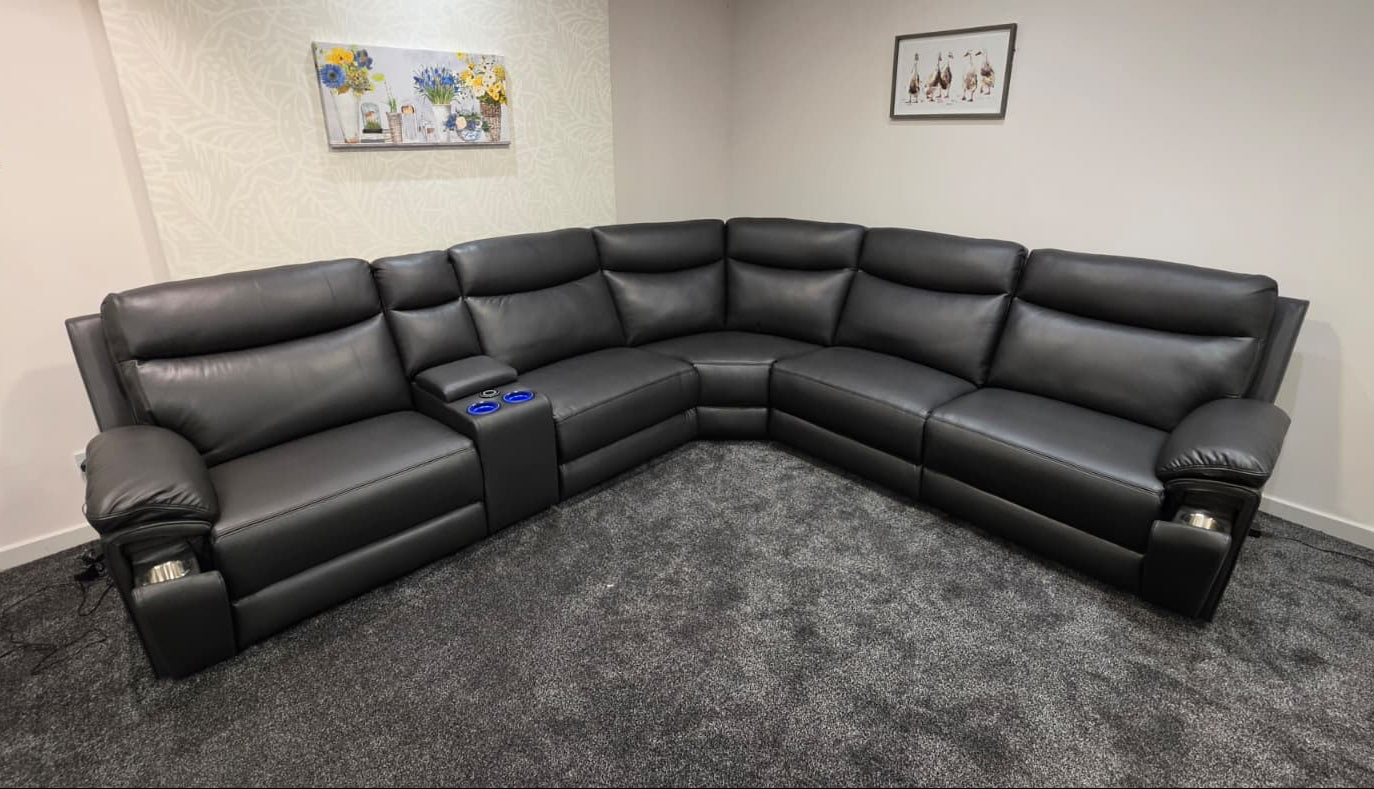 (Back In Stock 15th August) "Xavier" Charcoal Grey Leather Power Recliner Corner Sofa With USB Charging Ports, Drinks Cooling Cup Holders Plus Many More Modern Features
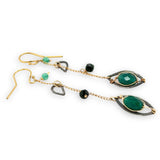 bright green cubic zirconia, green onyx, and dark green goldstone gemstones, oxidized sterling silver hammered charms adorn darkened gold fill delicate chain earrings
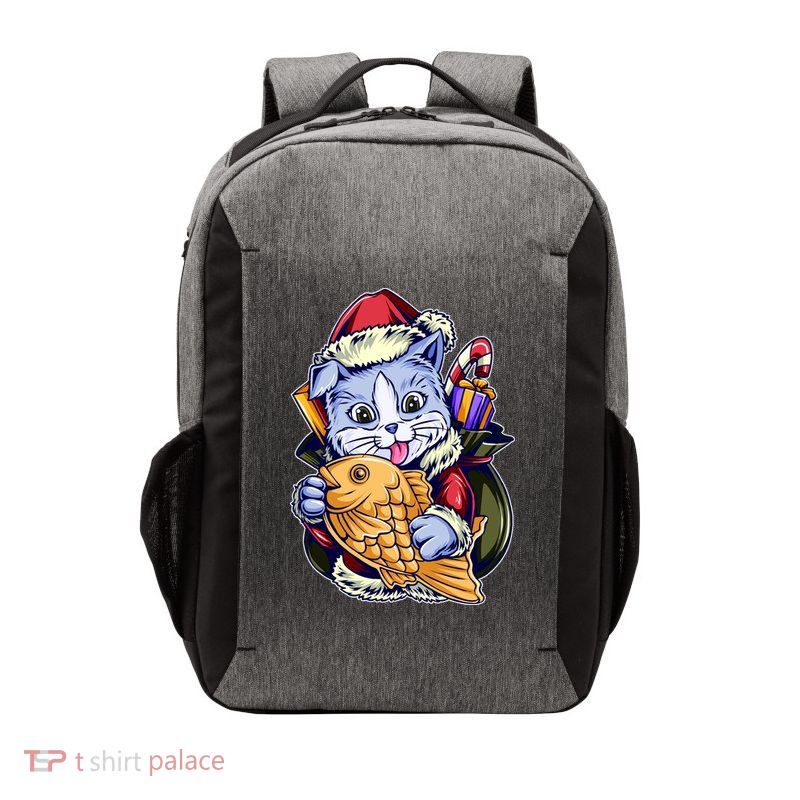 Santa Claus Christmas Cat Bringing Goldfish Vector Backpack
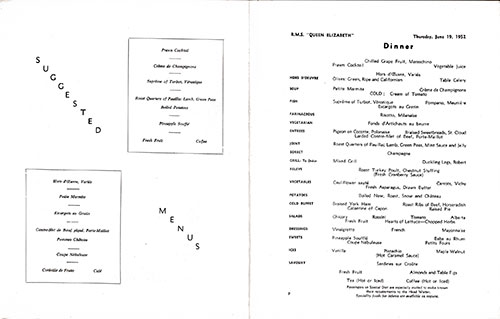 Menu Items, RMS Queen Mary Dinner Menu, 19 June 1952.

◇ ◇ ◇

Copy exactly, and copy nothing else: the lines from the one containing "Santa Claus Christmas" through the end of the data, both ends included, with pictures left out.

> **Result for this exercise**
 Santa Claus Christmas Cat Bringing Goldfish Vector Backpack
 Menu Items, RMS Queen Mary Dinner Menu, 19 June 1952.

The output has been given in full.